After locating the line that holds "Maserati Coupe Fuel", copy that line and all that follow it word for word through the end of the data, with no pictures.

● INFORMATION PROVIDED:

◆ ◆ ◆

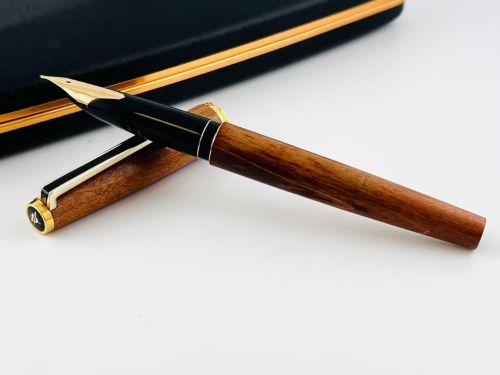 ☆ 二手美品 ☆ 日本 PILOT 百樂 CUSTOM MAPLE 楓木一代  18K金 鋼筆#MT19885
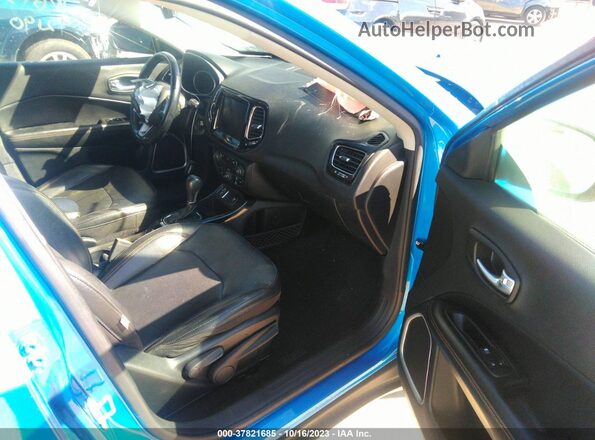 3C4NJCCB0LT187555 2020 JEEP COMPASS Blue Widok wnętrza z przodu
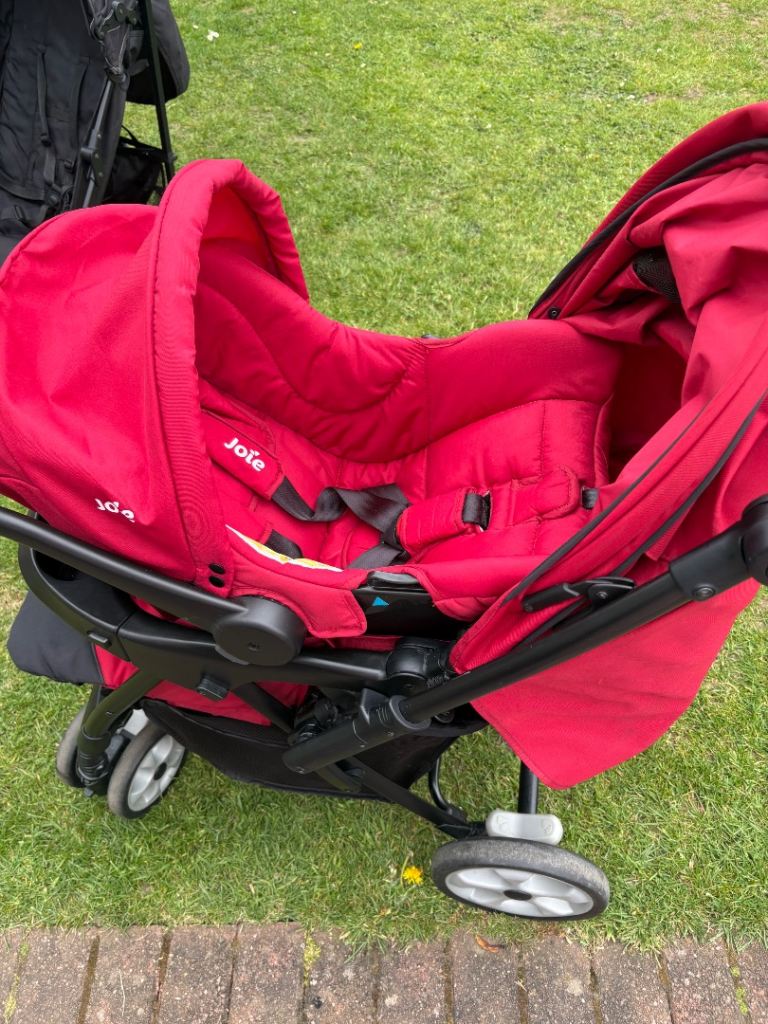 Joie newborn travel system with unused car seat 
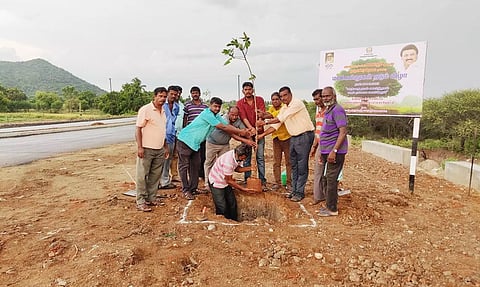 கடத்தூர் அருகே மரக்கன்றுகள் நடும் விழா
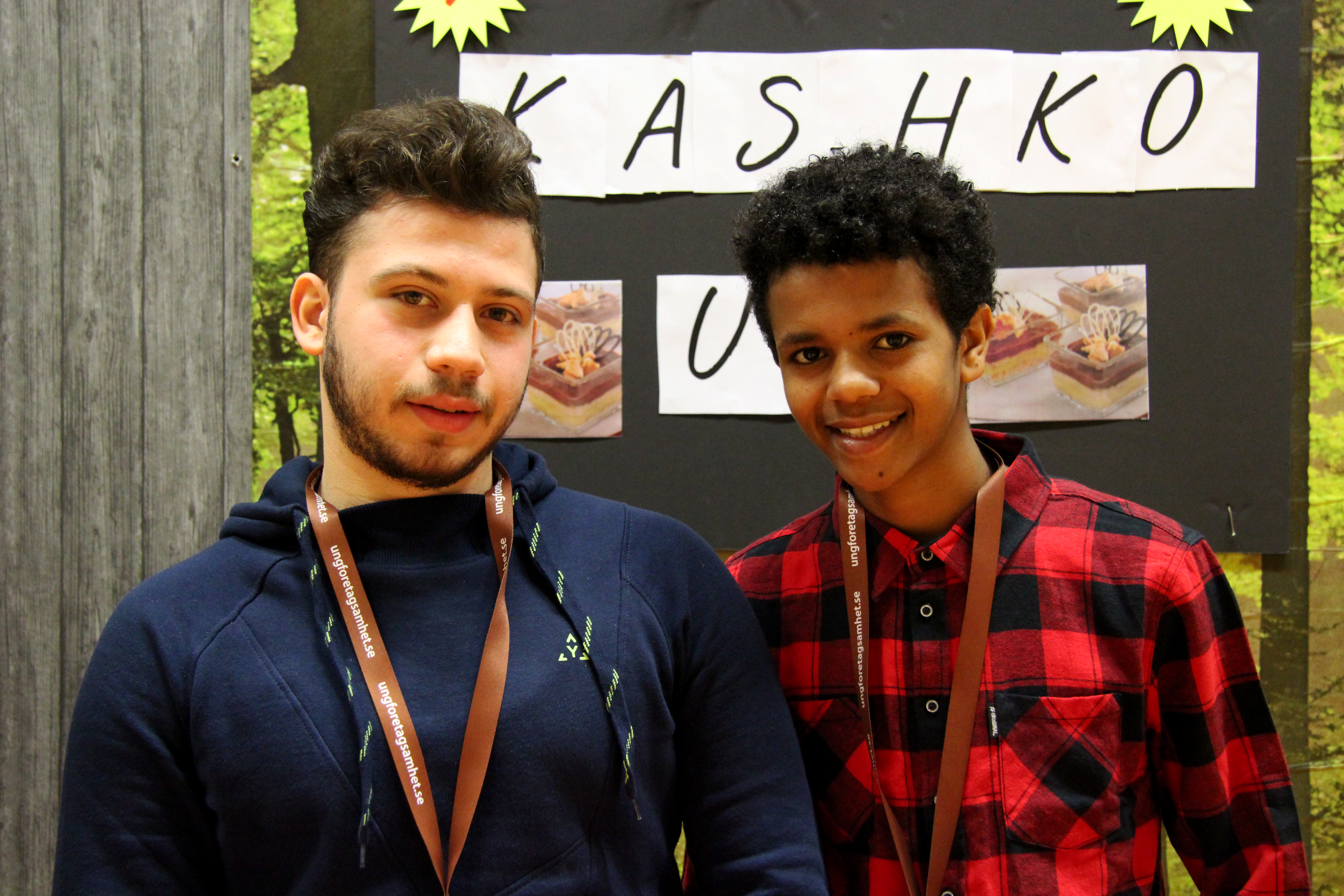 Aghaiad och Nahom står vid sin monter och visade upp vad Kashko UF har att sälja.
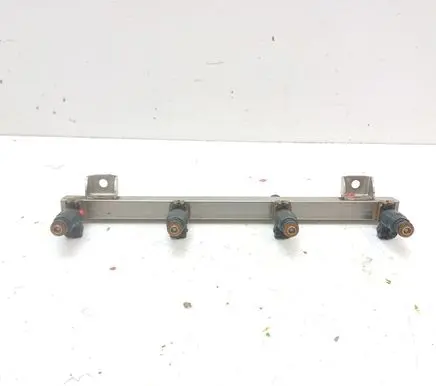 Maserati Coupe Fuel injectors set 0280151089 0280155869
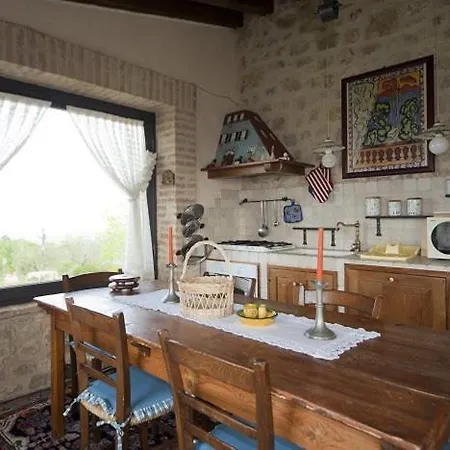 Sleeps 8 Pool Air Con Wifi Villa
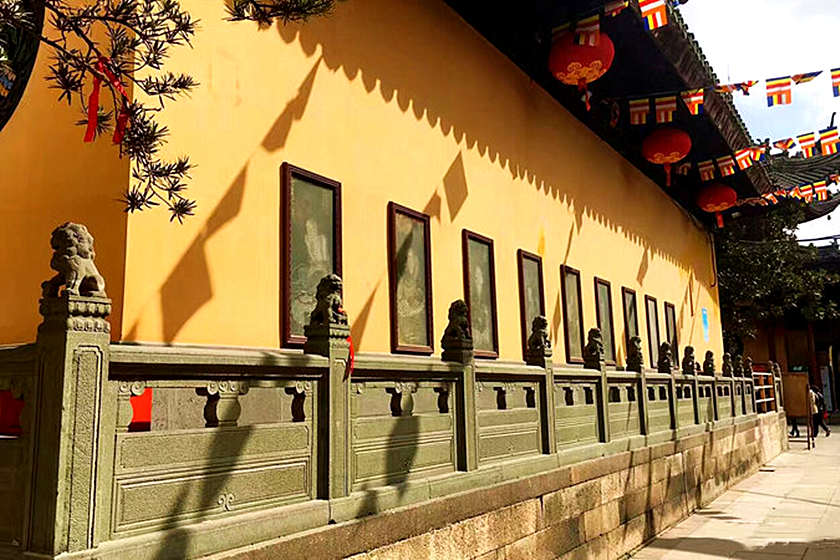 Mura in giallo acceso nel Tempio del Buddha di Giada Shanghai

◆ ◆ ◆

● RESULT FOR THIS TASK:
 Maserati Coupe Fuel injectors set 0280151089 0280155869
 Sleeps 8 Pool Air Con Wifi Villa
 Mura in giallo acceso nel Tempio del Buddha di Giada Shanghai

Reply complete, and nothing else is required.